REQUIREMENT: Where the line containing "Super fácil de" appears below, start there and repeat each line exactly to the end. Leave the pictures out.

DATA UNDER STUDY:
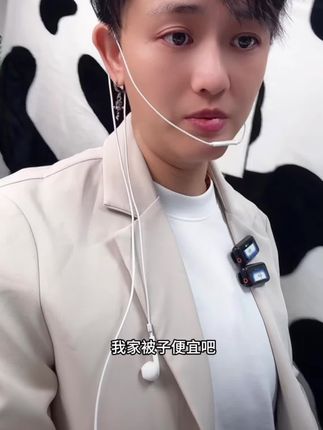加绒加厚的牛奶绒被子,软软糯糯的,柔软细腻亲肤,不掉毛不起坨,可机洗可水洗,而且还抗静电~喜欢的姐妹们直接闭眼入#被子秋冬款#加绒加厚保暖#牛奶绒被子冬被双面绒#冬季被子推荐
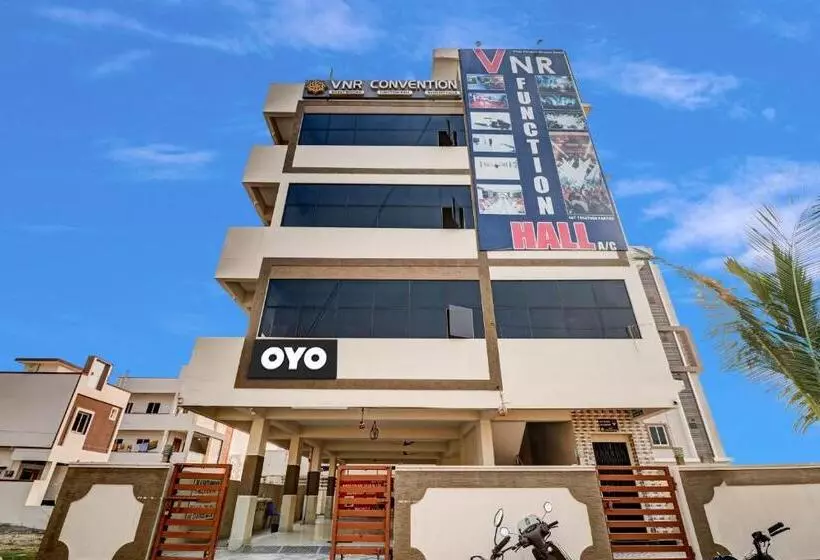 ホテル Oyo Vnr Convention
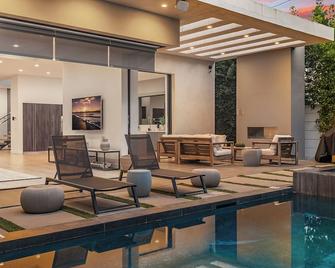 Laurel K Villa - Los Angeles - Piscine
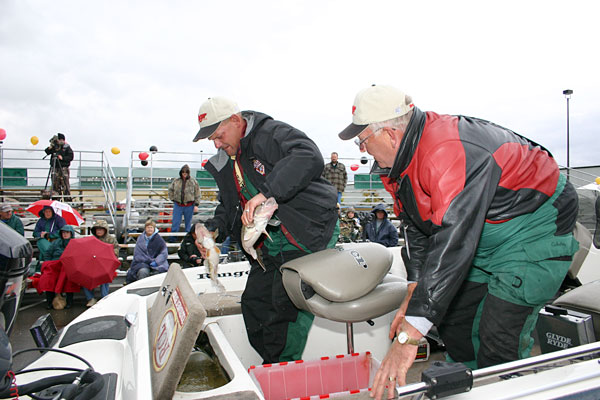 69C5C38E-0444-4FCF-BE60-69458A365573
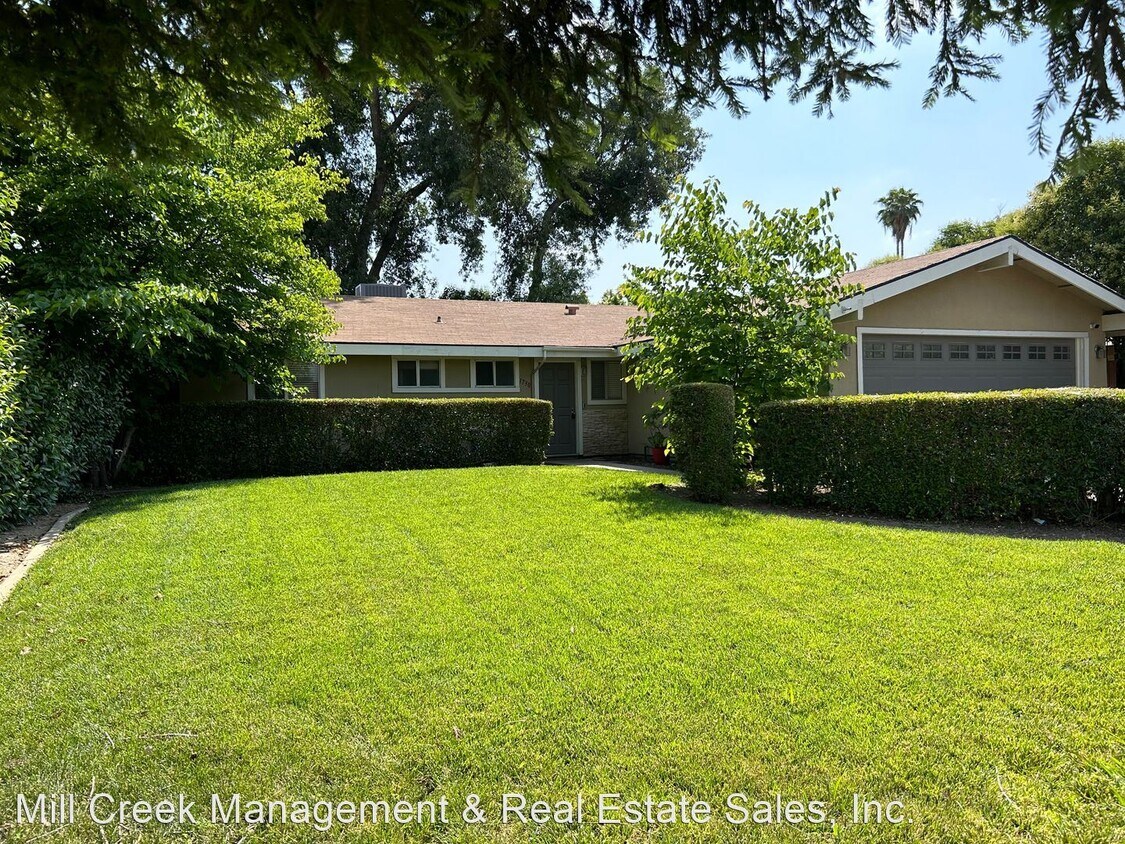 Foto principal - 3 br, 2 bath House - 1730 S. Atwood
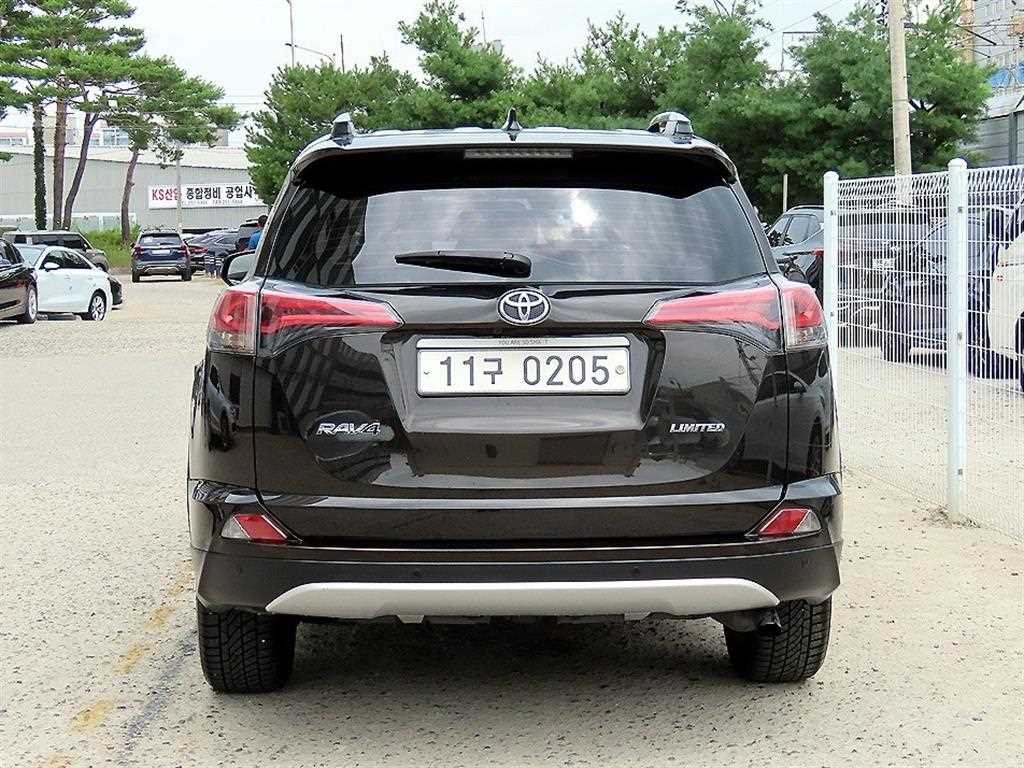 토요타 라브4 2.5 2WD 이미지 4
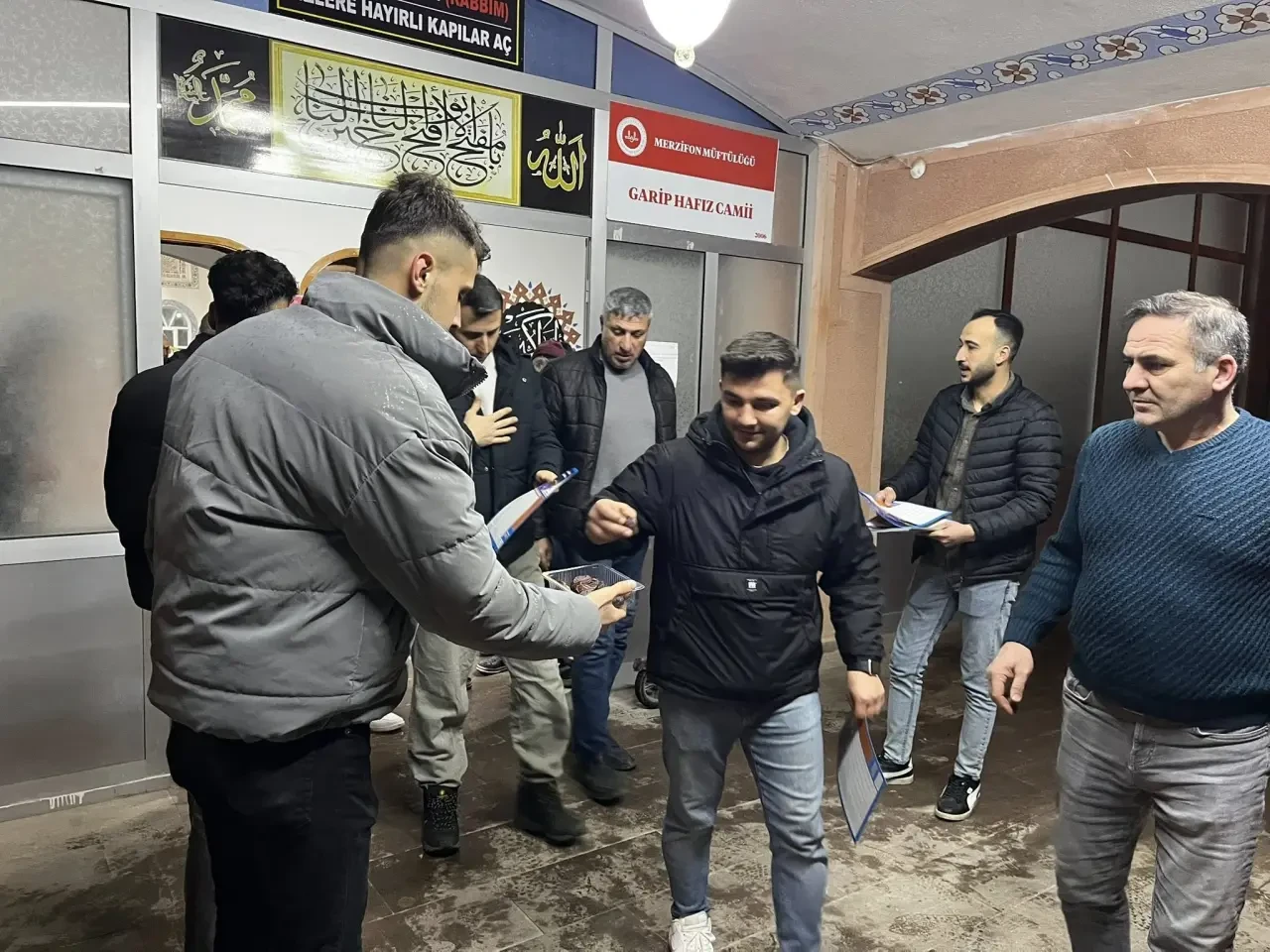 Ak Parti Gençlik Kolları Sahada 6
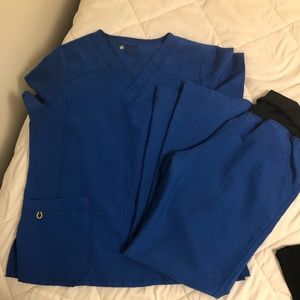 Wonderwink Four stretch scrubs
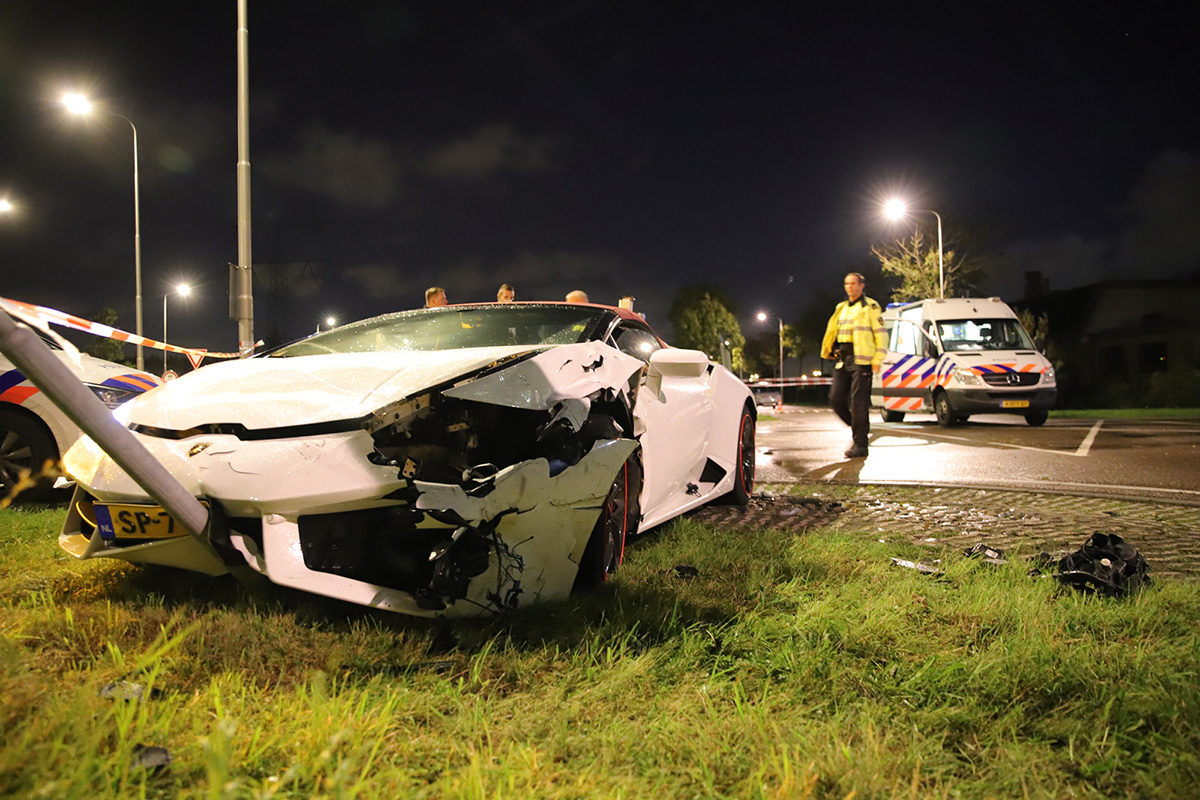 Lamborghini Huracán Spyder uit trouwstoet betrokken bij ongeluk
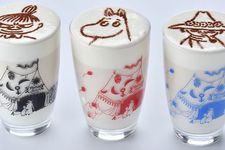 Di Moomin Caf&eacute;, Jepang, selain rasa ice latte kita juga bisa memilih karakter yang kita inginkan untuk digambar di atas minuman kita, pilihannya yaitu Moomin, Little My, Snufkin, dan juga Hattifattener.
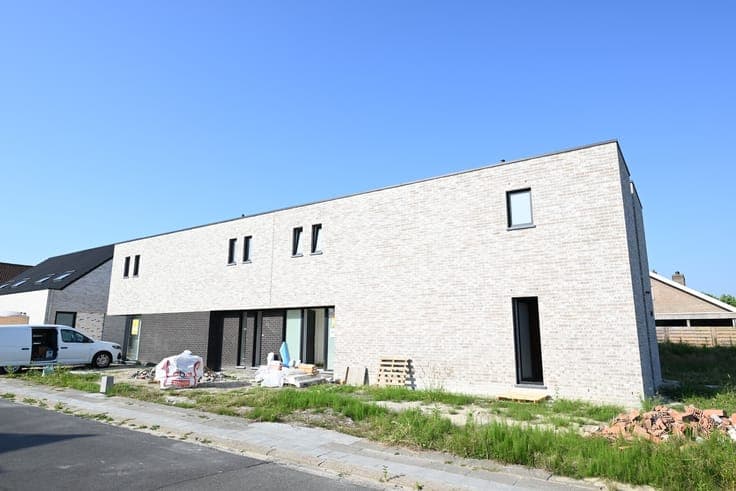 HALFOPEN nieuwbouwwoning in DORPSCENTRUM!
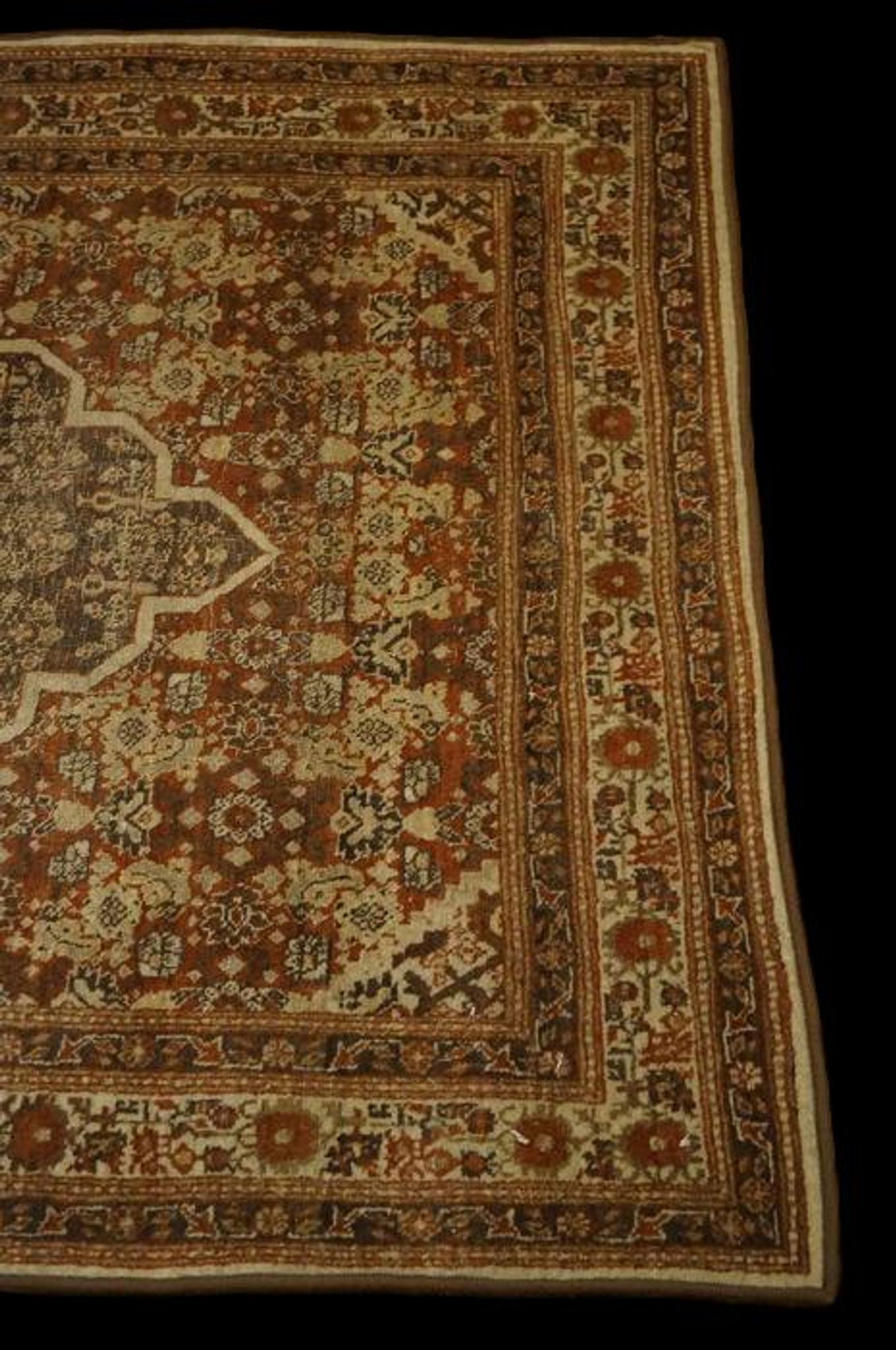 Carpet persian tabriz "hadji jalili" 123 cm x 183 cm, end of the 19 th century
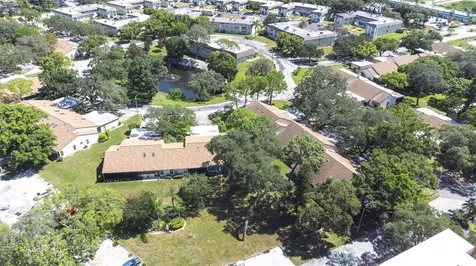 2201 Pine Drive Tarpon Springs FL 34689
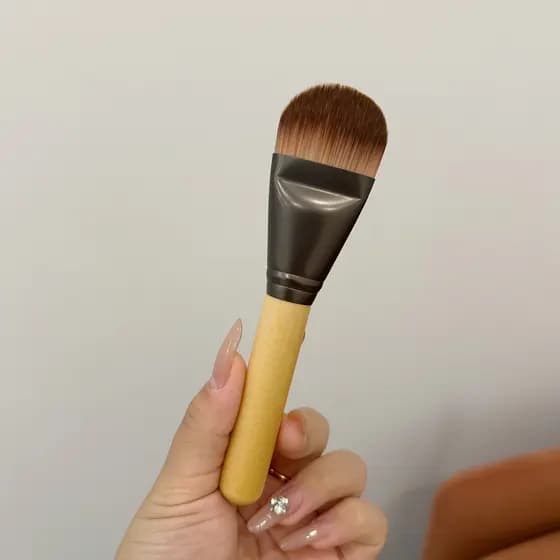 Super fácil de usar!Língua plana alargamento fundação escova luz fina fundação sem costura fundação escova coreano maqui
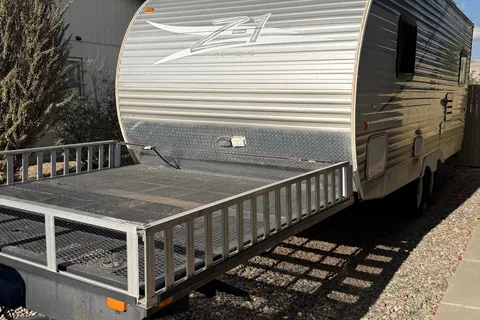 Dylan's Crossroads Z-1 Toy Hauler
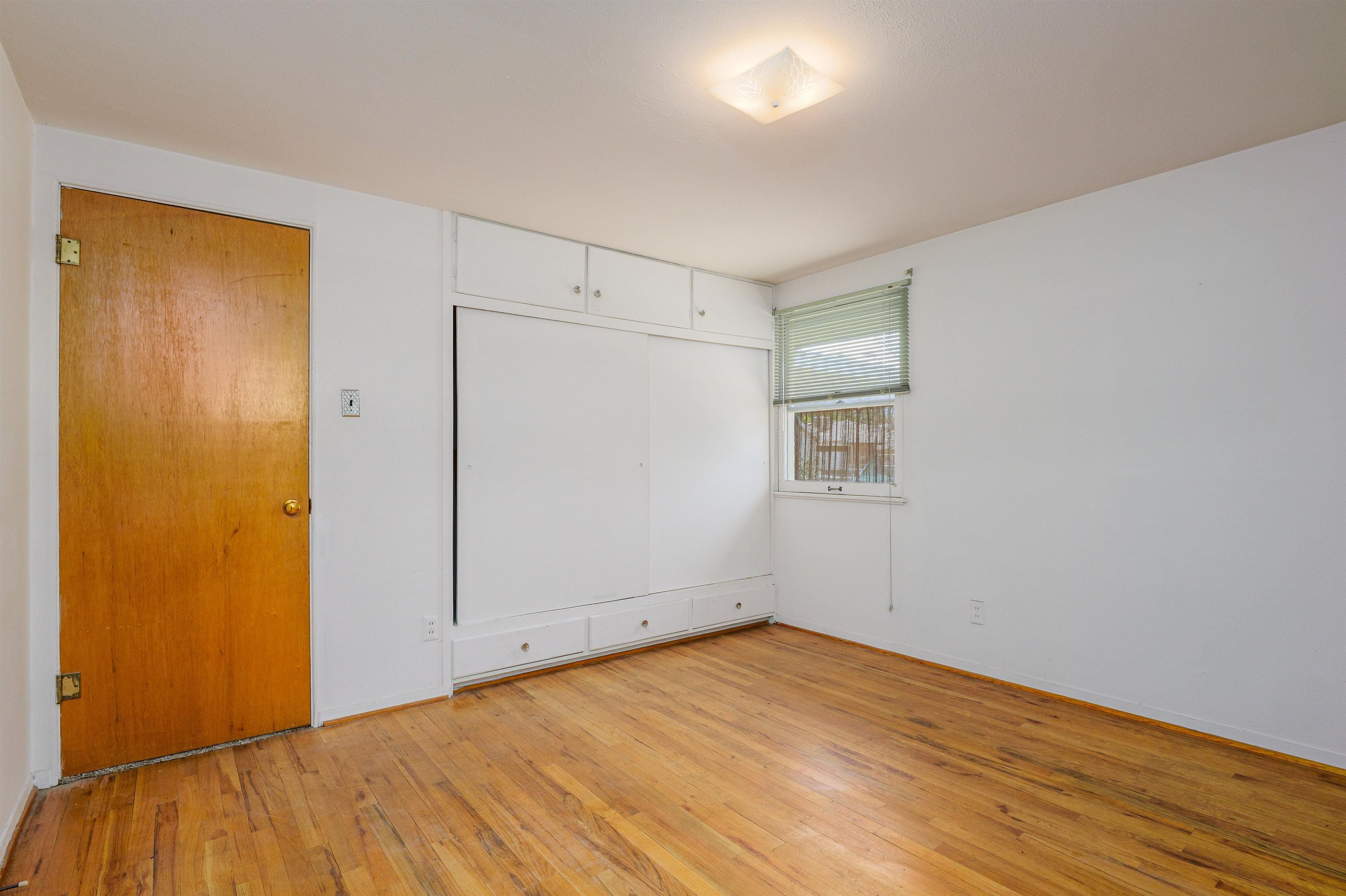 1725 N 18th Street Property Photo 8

EXPECTED ANSWER:
 Super fácil de usar!Língua plana alargamento fundação escova luz fina fundação sem costura fundação escova coreano maqui
 Dylan's Crossroads Z-1 Toy Hauler
 1725 N 18th Street Property Photo 8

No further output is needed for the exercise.